▶ TASK OBJECTIVE
Omit the images. Restate all of the records word for word.

▶ DATA
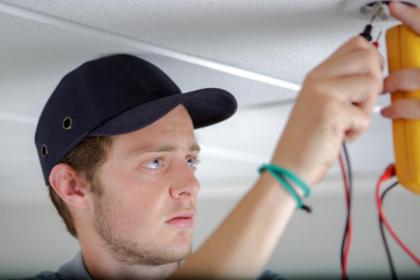 Montaż halogenów w suficie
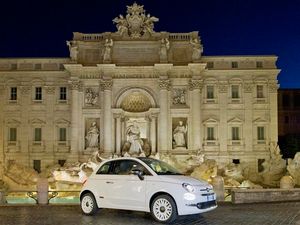 Supporting image for story: Fiat celebrates 62 years of 500 with Dolcevita special edition
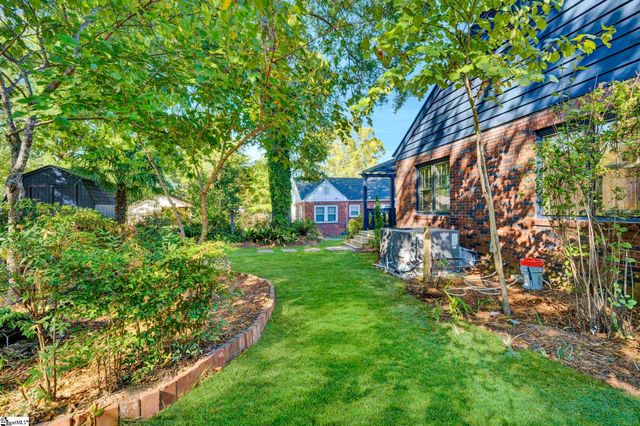 108 Irby Avenue, Laurens, SC 29360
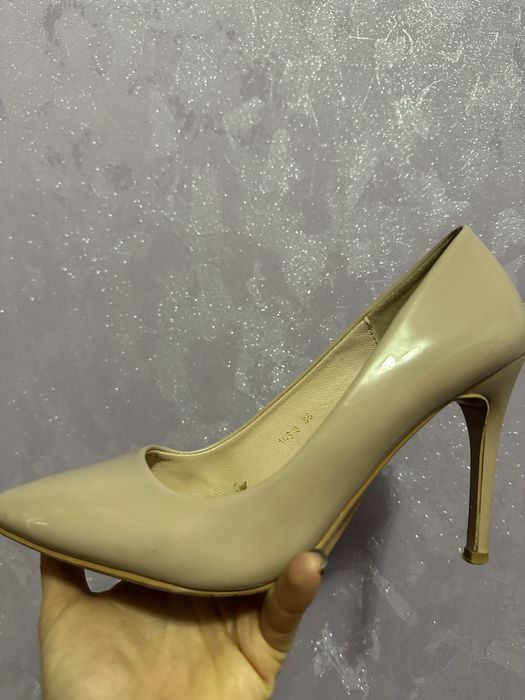 Жіночі туфлі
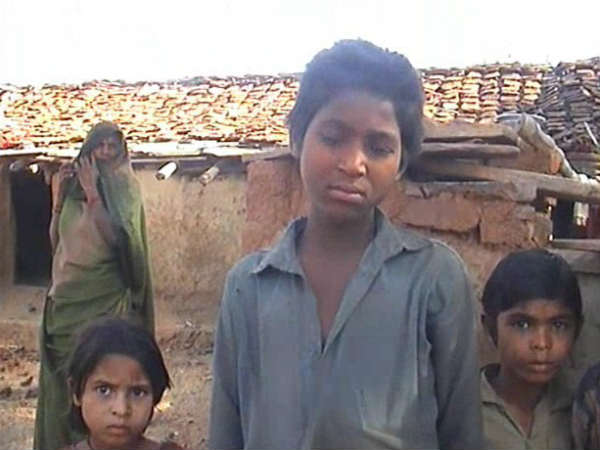 चिलचिलाती धूप में नंगे पैर काम करते हैं बच्चे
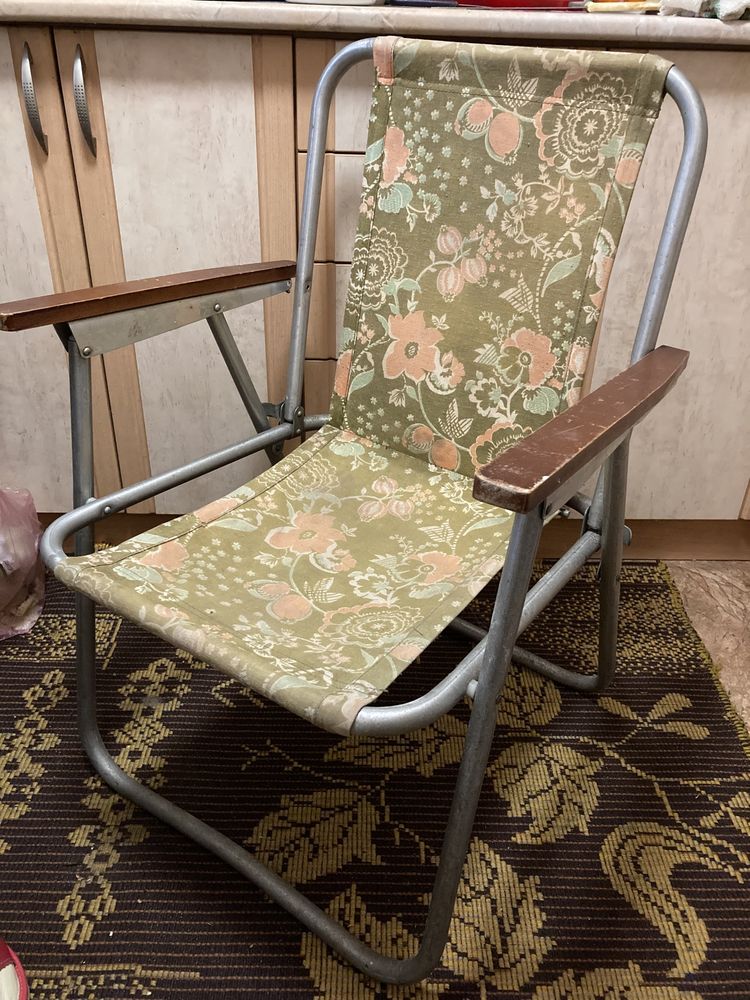 Продам стілець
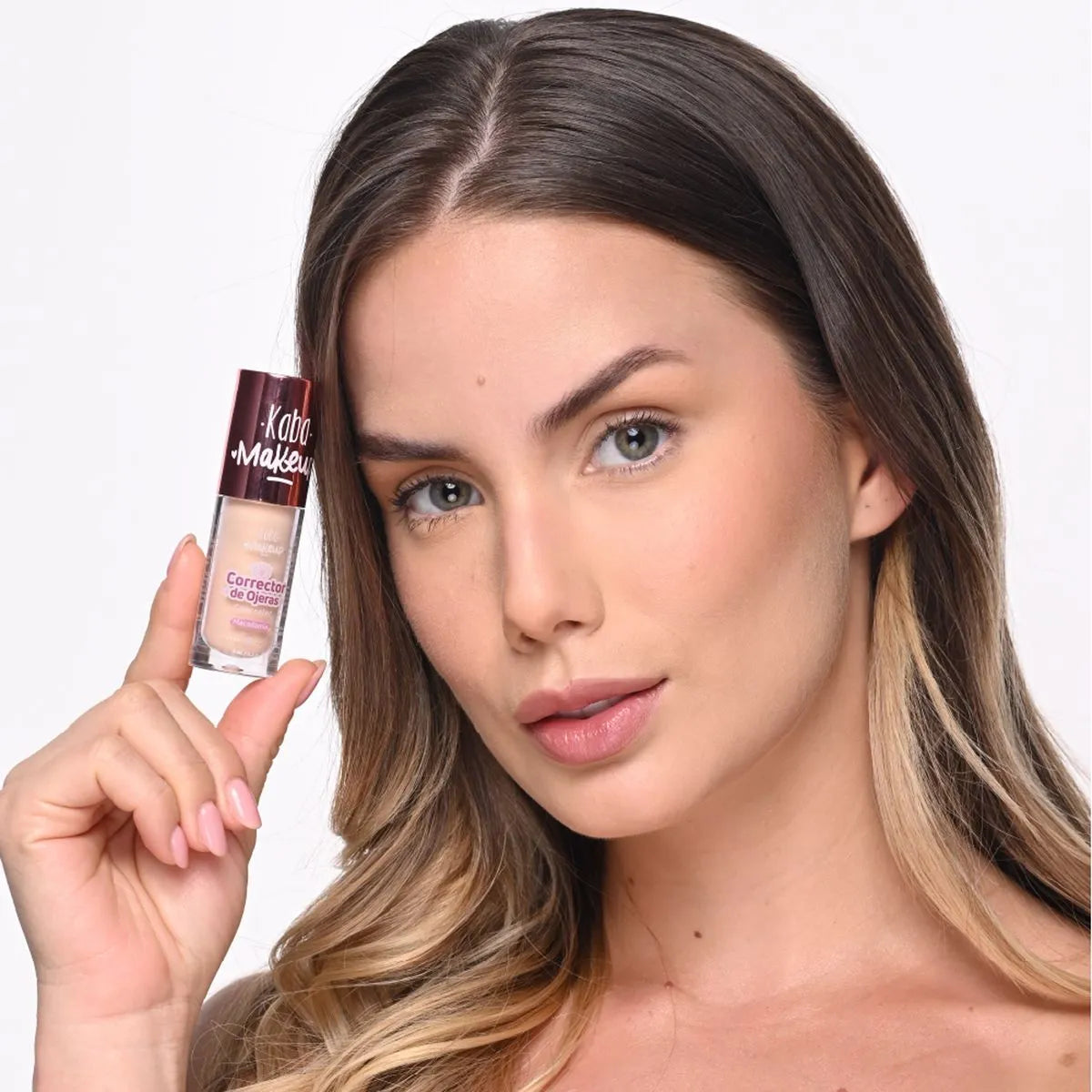 Corrector de Ojeras Kaba Makeup 5 ml/0,2 oz Macadamia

▶ OUTPUT OF THE EXERCISE
 Montaż halogenów w suficie
 Supporting image for story: Fiat celebrates 62 years of 500 with Dolcevita special edition
 108 Irby Avenue, Laurens, SC 29360
 Жіночі туфлі
 चिलचिलाती धूप में नंगे पैर काम करते हैं बच्चे
 Продам стілець
 Corrector de Ojeras Kaba Makeup 5 ml/0,2 oz Macadamia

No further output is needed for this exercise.